Posted July 24, 2015


The U.S. Trade Representative’s office announced that more than 50 countries today will reach final agreement on a product list that will update the 1996 Information Technology Agreement to include more than 200 new products, including next-generation semiconductors, machine tools for manufacturing printed circuits, touch screens, telecommunications satellites, and magnetic resonance imaging machines.

“This is the first major tariff-eliminating deal at the WTO in 18 years, and estimates from industry show that the elimination of tariff barriers on previously excluded U.S. technology exports under this breakthrough could support up to 60,000 additional American jobs,” USTR said in a press release.

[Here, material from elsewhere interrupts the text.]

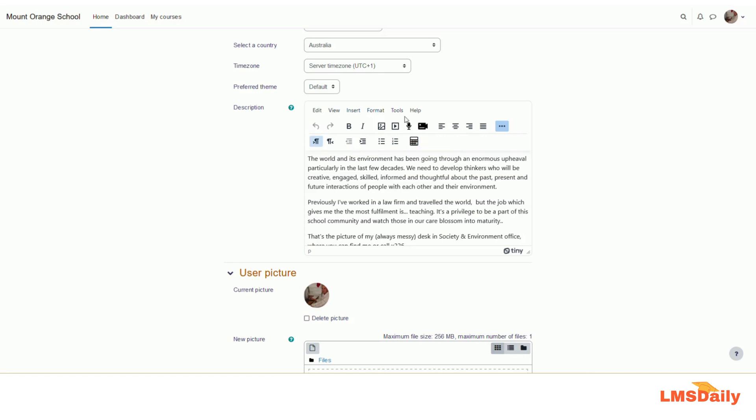So this is how the TinyMCE editor works in Moodle, and it will be the default text editor in the upcoming Moodle versions. Thank you very much for watching this video. If you have not yet subscribed to our YouTube channel, please don't forget to click the subscribe button as well as press the bell icon to get the latest updates about all the videos related to Moodle. Thank you very much for watching.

“This is a big deal,” said WTO Director-General Roberto Azevêdo. “The trade covered in this agreement is comparable to annual global trade in iron, steel, textiles and clothing combined. By taking this step, WTO members will help to provide a jump-start to the global economy and underline the WTO’s role as the central global forum for trade negotiations.”

While not all WTO members participated in these negotiations, all will benefit from the outcome because the participants will scrap duties on imports of these products regardless of which WTO member has produced them. Applying duties in a uniform and non-discriminatory manner across the organization’s membership is known as the most favoured nation (MFN) principle.

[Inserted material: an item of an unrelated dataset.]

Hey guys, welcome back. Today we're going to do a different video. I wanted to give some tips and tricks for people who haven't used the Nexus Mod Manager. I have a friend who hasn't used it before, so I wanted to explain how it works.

When the product list and draft declaration are approved, WTO negotiators will spend several months hammering out the technical details and the timetable for tariff elimination. The objective would be for all elements to be completed in time for Ministers of those members who are involved in this initiative to conclude the ITA expansion agreement at the 10th Ministerial Conference in Nairobi in December. It would be the first tariff-cutting agreement in the WTO for 18 years.

The agreement also contains a commitment to work to tackle non-tariff barriers in the IT sector, and to keep the list of products covered under review to determine whether further expansion may be needed to reflect future technological developments.

The Information Technology Agreement was finalized in 1997 and covers 80 WTO members. Efforts to expand the coverage of this agreement were launched in 2012.